__PROVIDED RECORDS__.
*-*-*
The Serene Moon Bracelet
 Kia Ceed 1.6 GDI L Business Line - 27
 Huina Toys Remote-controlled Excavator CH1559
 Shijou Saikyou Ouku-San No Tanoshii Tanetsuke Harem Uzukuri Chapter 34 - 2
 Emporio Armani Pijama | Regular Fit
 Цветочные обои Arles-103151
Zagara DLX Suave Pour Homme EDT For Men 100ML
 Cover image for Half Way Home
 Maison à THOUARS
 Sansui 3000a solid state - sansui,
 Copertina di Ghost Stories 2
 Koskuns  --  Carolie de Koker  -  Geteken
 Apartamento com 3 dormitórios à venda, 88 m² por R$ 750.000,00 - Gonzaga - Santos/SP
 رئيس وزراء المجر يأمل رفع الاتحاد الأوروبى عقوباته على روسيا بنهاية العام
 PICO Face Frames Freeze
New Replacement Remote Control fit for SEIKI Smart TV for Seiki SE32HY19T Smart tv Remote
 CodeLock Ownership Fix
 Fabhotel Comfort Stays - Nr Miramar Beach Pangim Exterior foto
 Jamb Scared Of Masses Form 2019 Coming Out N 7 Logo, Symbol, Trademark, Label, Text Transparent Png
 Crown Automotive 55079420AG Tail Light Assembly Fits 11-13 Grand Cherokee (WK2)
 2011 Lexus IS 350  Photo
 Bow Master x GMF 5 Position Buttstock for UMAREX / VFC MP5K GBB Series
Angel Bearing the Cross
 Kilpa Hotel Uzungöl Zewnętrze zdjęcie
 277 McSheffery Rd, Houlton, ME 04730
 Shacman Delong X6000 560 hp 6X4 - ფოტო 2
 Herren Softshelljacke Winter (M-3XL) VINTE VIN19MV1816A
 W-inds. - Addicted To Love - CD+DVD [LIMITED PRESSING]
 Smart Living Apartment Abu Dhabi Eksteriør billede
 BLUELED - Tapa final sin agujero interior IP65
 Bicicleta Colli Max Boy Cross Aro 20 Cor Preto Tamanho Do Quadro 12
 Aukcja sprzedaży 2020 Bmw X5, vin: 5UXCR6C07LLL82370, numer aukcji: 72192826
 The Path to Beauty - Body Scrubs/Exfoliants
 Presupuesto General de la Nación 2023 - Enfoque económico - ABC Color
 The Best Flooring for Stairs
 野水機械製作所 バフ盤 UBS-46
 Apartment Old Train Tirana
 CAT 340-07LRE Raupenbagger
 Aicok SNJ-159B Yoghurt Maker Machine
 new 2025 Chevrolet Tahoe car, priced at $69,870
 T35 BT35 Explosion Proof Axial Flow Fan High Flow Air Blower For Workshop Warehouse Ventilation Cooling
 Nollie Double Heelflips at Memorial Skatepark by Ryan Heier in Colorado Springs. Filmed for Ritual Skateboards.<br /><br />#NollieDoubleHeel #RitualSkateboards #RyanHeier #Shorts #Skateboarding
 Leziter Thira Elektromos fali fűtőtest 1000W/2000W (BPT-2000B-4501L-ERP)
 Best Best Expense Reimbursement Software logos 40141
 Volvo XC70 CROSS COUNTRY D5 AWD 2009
*-*-*
__TASK STATEMENT__. From top to bottom, repeat the material above word for word.

__EXERCISE RESULT__.
The Serene Moon Bracelet
 Kia Ceed 1.6 GDI L Business Line - 27
 Huina Toys Remote-controlled Excavator CH1559
 Shijou Saikyou Ouku-San No Tanoshii Tanetsuke Harem Uzukuri Chapter 34 - 2
 Emporio Armani Pijama | Regular Fit
 Цветочные обои Arles-103151
Zagara DLX Suave Pour Homme EDT For Men 100ML
 Cover image for Half Way Home
 Maison à THOUARS
 Sansui 3000a solid state - sansui,
 Copertina di Ghost Stories 2
 Koskuns  --  Carolie de Koker  -  Geteken
 Apartamento com 3 dormitórios à venda, 88 m² por R$ 750.000,00 - Gonzaga - Santos/SP
 رئيس وزراء المجر يأمل رفع الاتحاد الأوروبى عقوباته على روسيا بنهاية العام
 PICO Face Frames Freeze
New Replacement Remote Control fit for SEIKI Smart TV for Seiki SE32HY19T Smart tv Remote
 CodeLock Ownership Fix
 Fabhotel Comfort Stays - Nr Miramar Beach Pangim Exterior foto
 Jamb Scared Of Masses Form 2019 Coming Out N 7 Logo, Symbol, Trademark, Label, Text Transparent Png
 Crown Automotive 55079420AG Tail Light Assembly Fits 11-13 Grand Cherokee (WK2)
 2011 Lexus IS 350  Photo
 Bow Master x GMF 5 Position Buttstock for UMAREX / VFC MP5K GBB Series
Angel Bearing the Cross
 Kilpa Hotel Uzungöl Zewnętrze zdjęcie
 277 McSheffery Rd, Houlton, ME 04730
 Shacman Delong X6000 560 hp 6X4 - ფოტო 2
 Herren Softshelljacke Winter (M-3XL) VINTE VIN19MV1816A
 W-inds. - Addicted To Love - CD+DVD [LIMITED PRESSING]
 Smart Living Apartment Abu Dhabi Eksteriør billede
 BLUELED - Tapa final sin agujero interior IP65
 Bicicleta Colli Max Boy Cross Aro 20 Cor Preto Tamanho Do Quadro 12
 Aukcja sprzedaży 2020 Bmw X5, vin: 5UXCR6C07LLL82370, numer aukcji: 72192826
 The Path to Beauty - Body Scrubs/Exfoliants
 Presupuesto General de la Nación 2023 - Enfoque económico - ABC Color
 The Best Flooring for Stairs
 野水機械製作所 バフ盤 UBS-46
 Apartment Old Train Tirana
 CAT 340-07LRE Raupenbagger
 Aicok SNJ-159B Yoghurt Maker Machine
 new 2025 Chevrolet Tahoe car, priced at $69,870
 T35 BT35 Explosion Proof Axial Flow Fan High Flow Air Blower For Workshop Warehouse Ventilation Cooling
 Nollie Double Heelflips at Memorial Skatepark by Ryan Heier in Colorado Springs. Filmed for Ritual Skateboards.<br /><br />#NollieDoubleHeel #RitualSkateboards #RyanHeier #Shorts #Skateboarding
 Leziter Thira Elektromos fali fűtőtest 1000W/2000W (BPT-2000B-4501L-ERP)
 Best Best Expense Reimbursement Software logos 40141
 Volvo XC70 CROSS COUNTRY D5 AWD 2009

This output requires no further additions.